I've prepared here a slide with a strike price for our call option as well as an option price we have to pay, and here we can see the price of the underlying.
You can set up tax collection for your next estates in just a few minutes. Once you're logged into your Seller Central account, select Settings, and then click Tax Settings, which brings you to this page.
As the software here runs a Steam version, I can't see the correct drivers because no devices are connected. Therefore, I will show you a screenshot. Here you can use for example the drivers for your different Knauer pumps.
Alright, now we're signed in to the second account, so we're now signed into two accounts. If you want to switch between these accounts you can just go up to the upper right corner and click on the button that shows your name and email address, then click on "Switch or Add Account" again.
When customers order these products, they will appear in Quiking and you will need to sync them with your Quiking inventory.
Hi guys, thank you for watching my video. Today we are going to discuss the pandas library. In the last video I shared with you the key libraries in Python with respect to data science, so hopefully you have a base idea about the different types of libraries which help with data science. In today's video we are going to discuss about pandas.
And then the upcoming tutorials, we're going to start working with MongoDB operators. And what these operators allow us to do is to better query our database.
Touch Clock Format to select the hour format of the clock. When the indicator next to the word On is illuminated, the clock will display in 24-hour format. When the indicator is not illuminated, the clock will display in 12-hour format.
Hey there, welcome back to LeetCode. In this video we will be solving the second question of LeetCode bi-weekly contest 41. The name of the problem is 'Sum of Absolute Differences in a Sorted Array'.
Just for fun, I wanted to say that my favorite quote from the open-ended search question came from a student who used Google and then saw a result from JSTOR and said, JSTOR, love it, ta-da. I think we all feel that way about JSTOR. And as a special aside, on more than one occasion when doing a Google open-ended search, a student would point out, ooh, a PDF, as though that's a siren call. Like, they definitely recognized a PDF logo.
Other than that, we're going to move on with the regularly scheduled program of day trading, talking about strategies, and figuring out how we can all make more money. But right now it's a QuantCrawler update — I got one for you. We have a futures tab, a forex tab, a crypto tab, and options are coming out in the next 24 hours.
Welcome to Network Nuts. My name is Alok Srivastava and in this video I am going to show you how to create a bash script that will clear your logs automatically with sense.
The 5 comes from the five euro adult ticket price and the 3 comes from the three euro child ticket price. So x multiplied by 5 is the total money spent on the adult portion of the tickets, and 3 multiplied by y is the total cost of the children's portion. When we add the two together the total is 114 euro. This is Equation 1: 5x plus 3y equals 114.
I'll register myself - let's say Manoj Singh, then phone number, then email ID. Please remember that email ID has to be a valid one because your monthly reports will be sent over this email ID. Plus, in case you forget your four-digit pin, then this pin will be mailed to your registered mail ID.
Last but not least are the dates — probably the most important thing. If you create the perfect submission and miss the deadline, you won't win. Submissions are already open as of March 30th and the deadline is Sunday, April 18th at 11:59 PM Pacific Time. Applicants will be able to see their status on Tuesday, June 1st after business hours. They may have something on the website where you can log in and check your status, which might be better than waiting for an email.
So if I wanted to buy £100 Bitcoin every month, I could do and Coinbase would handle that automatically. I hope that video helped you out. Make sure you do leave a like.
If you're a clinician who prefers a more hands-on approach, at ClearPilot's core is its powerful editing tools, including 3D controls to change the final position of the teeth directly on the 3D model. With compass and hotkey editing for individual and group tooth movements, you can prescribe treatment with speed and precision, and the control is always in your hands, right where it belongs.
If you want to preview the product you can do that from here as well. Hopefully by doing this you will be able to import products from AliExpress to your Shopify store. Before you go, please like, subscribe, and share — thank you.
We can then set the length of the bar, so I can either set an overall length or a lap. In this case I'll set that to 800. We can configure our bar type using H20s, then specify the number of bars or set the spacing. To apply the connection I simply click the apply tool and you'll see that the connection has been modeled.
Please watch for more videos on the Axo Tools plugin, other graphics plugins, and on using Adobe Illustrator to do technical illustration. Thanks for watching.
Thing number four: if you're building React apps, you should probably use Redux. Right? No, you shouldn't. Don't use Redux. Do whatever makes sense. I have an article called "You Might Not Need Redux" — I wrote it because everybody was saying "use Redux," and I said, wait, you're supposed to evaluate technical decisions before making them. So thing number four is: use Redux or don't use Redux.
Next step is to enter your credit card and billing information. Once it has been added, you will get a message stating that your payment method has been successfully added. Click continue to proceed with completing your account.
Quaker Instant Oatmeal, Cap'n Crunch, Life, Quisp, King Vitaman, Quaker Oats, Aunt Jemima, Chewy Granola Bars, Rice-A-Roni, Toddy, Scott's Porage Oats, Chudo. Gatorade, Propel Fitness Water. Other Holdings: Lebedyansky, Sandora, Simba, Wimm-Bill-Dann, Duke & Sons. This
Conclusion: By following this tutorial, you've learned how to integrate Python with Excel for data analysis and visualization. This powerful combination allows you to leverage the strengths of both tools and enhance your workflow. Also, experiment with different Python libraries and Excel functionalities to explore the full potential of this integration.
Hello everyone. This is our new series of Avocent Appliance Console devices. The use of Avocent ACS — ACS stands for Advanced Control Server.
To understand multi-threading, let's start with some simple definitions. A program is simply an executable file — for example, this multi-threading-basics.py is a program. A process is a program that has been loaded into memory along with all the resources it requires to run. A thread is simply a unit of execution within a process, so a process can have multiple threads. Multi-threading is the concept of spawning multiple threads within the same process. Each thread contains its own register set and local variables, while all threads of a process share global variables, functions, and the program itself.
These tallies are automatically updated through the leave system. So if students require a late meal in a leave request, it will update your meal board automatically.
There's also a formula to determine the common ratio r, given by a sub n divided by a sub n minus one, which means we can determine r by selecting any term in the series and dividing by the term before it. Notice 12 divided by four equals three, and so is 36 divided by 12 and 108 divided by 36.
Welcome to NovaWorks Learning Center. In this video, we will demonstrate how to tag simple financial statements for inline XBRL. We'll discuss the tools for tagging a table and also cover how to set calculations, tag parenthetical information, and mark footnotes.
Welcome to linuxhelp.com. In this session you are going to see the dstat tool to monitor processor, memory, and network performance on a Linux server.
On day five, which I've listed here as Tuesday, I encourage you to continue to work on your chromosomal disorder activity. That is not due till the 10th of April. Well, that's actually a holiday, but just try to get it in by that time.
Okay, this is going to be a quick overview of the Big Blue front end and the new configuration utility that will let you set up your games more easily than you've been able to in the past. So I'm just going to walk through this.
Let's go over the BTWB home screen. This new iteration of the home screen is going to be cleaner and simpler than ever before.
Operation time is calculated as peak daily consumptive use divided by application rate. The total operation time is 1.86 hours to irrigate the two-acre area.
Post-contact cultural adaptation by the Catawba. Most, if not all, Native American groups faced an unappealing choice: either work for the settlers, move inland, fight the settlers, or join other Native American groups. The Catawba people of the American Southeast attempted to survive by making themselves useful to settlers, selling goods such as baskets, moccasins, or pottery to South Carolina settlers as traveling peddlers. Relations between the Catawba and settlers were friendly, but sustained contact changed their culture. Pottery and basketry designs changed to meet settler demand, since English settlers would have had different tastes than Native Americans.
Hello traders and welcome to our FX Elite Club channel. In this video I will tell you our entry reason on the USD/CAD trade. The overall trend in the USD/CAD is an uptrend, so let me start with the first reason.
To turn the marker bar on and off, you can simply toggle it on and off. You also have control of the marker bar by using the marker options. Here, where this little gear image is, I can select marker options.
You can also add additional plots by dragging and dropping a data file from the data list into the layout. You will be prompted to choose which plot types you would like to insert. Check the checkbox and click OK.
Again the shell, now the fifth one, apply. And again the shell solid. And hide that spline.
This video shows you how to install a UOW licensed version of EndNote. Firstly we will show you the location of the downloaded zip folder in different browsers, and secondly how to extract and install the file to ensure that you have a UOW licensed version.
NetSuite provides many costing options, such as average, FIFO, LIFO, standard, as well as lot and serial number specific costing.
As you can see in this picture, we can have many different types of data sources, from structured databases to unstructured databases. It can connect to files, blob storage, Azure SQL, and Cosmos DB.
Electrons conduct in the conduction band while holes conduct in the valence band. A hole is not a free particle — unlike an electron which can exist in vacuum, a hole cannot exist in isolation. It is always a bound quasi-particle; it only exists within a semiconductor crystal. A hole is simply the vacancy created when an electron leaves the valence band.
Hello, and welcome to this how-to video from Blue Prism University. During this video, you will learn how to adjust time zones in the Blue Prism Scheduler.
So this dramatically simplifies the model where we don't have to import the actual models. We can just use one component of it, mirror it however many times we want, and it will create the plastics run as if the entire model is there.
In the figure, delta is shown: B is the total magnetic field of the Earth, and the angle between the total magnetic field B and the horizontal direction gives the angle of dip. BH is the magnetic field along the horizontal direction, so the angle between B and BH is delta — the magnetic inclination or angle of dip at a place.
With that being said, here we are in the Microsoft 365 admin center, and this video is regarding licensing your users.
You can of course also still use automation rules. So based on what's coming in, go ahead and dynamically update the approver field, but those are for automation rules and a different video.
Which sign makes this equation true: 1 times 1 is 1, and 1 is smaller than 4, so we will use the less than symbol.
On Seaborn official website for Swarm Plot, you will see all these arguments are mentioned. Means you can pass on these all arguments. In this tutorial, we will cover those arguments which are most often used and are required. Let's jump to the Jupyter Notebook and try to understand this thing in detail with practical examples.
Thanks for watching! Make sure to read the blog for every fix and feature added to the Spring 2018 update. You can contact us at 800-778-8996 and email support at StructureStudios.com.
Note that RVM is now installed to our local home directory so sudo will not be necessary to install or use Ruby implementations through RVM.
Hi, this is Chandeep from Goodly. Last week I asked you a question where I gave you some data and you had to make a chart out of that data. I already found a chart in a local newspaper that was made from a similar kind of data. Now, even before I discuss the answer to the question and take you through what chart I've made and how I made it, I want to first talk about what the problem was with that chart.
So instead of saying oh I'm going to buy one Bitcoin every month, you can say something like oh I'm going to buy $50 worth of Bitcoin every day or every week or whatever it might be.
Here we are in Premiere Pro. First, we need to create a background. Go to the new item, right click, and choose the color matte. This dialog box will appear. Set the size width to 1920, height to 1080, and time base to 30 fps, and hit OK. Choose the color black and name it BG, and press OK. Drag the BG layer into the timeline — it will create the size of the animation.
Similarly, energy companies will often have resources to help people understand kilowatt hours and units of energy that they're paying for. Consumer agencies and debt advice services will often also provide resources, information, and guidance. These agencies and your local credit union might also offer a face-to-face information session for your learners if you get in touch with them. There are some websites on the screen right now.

Your objective
Reproduce exactly the lines from the one containing "Thanks for watching!" through the last line of the records above, including both, and nothing else.

Written reply
Thanks for watching! Make sure to read the blog for every fix and feature added to the Spring 2018 update. You can contact us at 800-778-8996 and email support at StructureStudios.com.
Note that RVM is now installed to our local home directory so sudo will not be necessary to install or use Ruby implementations through RVM.
Hi, this is Chandeep from Goodly. Last week I asked you a question where I gave you some data and you had to make a chart out of that data. I already found a chart in a local newspaper that was made from a similar kind of data. Now, even before I discuss the answer to the question and take you through what chart I've made and how I made it, I want to first talk about what the problem was with that chart.
So instead of saying oh I'm going to buy one Bitcoin every month, you can say something like oh I'm going to buy $50 worth of Bitcoin every day or every week or whatever it might be.
Here we are in Premiere Pro. First, we need to create a background. Go to the new item, right click, and choose the color matte. This dialog box will appear. Set the size width to 1920, height to 1080, and time base to 30 fps, and hit OK. Choose the color black and name it BG, and press OK. Drag the BG layer into the timeline — it will create the size of the animation.
Similarly, energy companies will often have resources to help people understand kilowatt hours and units of energy that they're paying for. Consumer agencies and debt advice services will often also provide resources, information, and guidance. These agencies and your local credit union might also offer a face-to-face information session for your learners if you get in touch with them. There are some websites on the screen right now.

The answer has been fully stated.